Communication between processor and high speed perihperal

Considering that a processor runs at 100 MHz and the data is coming to the processor from an external device/peripheral at the rate of 1000 Mbit/s (8 Bits/Clockcycle # 125 MHz), which is the best way to handle traffic that comes at a higher speed to the processor ?
First off, you can't do it in software. There would be no way to sample the digital lines at a sufficient rate, or to doing anything useful with it.
You need to use a hardware FIFO buffer or memory cell. When a data burst comes in, it can be buffered in the high speed FIFO and then read out as needed by the processor.

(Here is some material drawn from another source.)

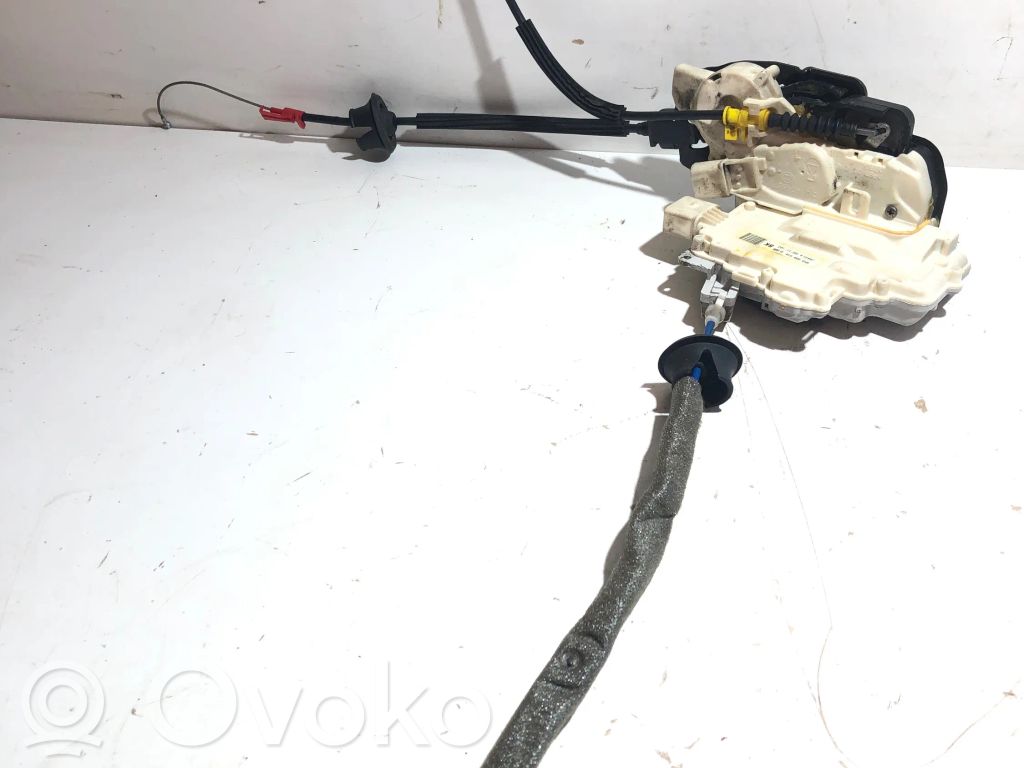 Audi A8 S8 D4 4H Încuietoare ușă spate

Drop in high speed FIFO chips are surprisingly expensive (though most are dual ported). To cut cost, you would be best off using an SRAM chip, and a hardware adder to increment the address lines on incoming data.
This is not an uncommon situation for software. semaj said the right word. This is a system engineering issue. Other folks have the right answer too. If you want to look at or process that data with the 100MHz processor, it is not going to happen, dont bother trying. You CAN look at snapshots of it or have the hardware filter out a specific percentage of it that you are looking for. At the end of the day though it is a systems issue, what does the hardware provide, where does it put this data, what is the softwares task for this data, does it see X buffers of data come in on the goesinta, and the notify the goesouta hardware that there are X buffers ready to go? Does the hardware examine and align the buffers so that you can look at a header, and then decide where to route the hardware? Once you do your system engineering you will know if you can use that processor or not, and if you can use it what its job is and how to do it.

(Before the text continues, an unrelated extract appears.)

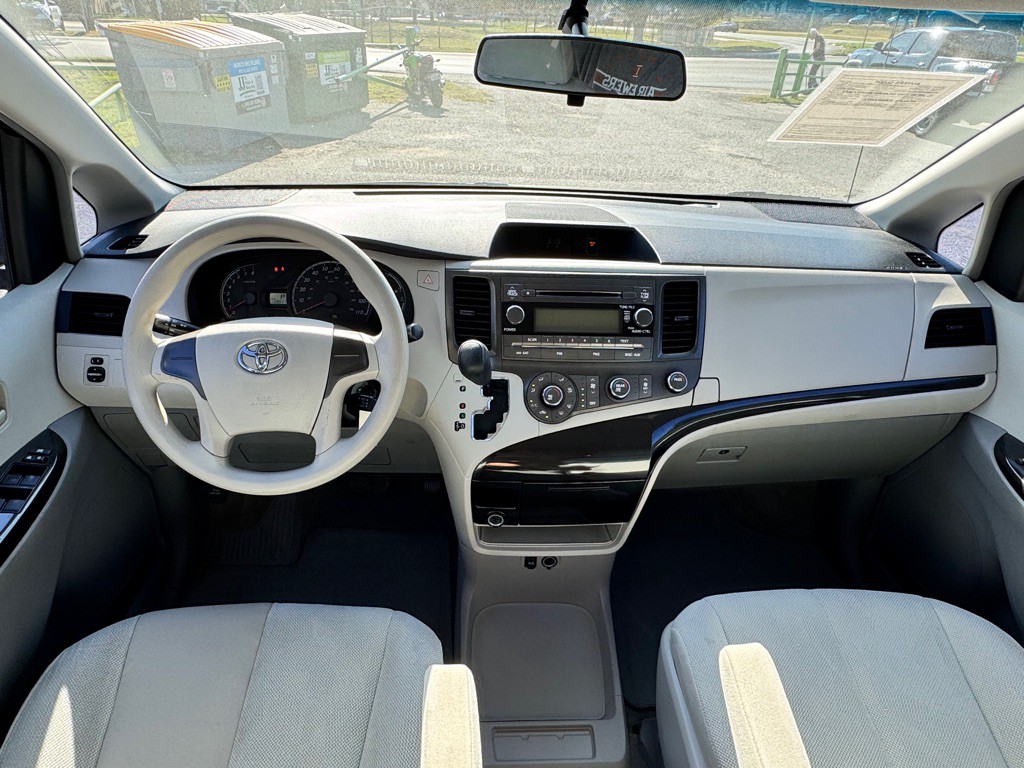 2014 Toyota Sienna Image 19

Your direct question. What is the best way to handle it. The best way to handle it is to have hardware (fpga, asic, etc) move it into and out of some storage device (ram of some sort probably). Not necessarily the same ram the processor runs out of (DMA is a good thing to avoid). The hardware is something the software can talk to but you cannot examine all of that data so dont try. Without knowing what kind of data this is, what form, what the software looks at how much work you are willing to force the hardware to do, etc determines the rest of the answer. If you expect a certain (guaranteed) percentage to be bad or not belong to this processor, etc have the hardware filter that out and then what is left you can process.
Networking is a good example of this, PCs have gige ports but cannot process GigE line rate data. That is why we use switches now instead of hubs, hardware slices out a percentage of the data so the pc can handle it, the protocols take care of the data that cannot be processed by resending it later. And the switches processors dont look at all of the data, the hardware slices it up so the software can examine just the header. Or sometimes the software simply manages tables that drive the hardware and the hardware does all the work of processing the data.

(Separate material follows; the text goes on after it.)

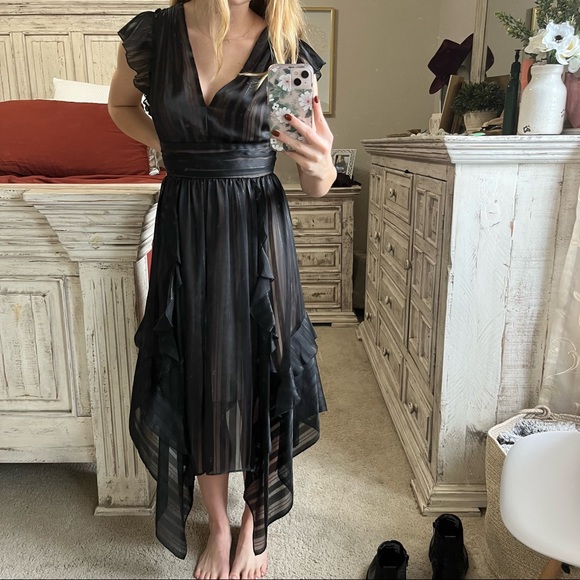 NWT BCBGMAXAZRIA SIZE 4 BLACK FLOWY HIGH LOW DRESS BLACK - Picture 3 of 9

Do your system engineering the answers will simply fall out.
You buffer it. Typically data from a device is written to a memory buffer (circular queue) using DMA (no cpu involved). The cpu reads from the memory buffer at a constant rate. Usually devices send data in bursts. This keeps the buffer from filling up. If there is too much data, buffer overflow.
DMA (direct memory access) is possibly the solution, however, it seems unlikely that the memory bus could run faster than the processor core, so the receiving peripheral would have to accept data into a larger register than 8 bit because 125MHz could not be sustained. For example a 16bit register would allow memory writes at 62.5MHz which may be achievable. Also the receiving device would have to be able to accept an external clock that is both faster and asynchronous to the core clock. Also of course the receiving peripheral must have support for DMA.
Unless you are more specific about your hardware and the communication protocol it is difficult to give anything other than a general answer.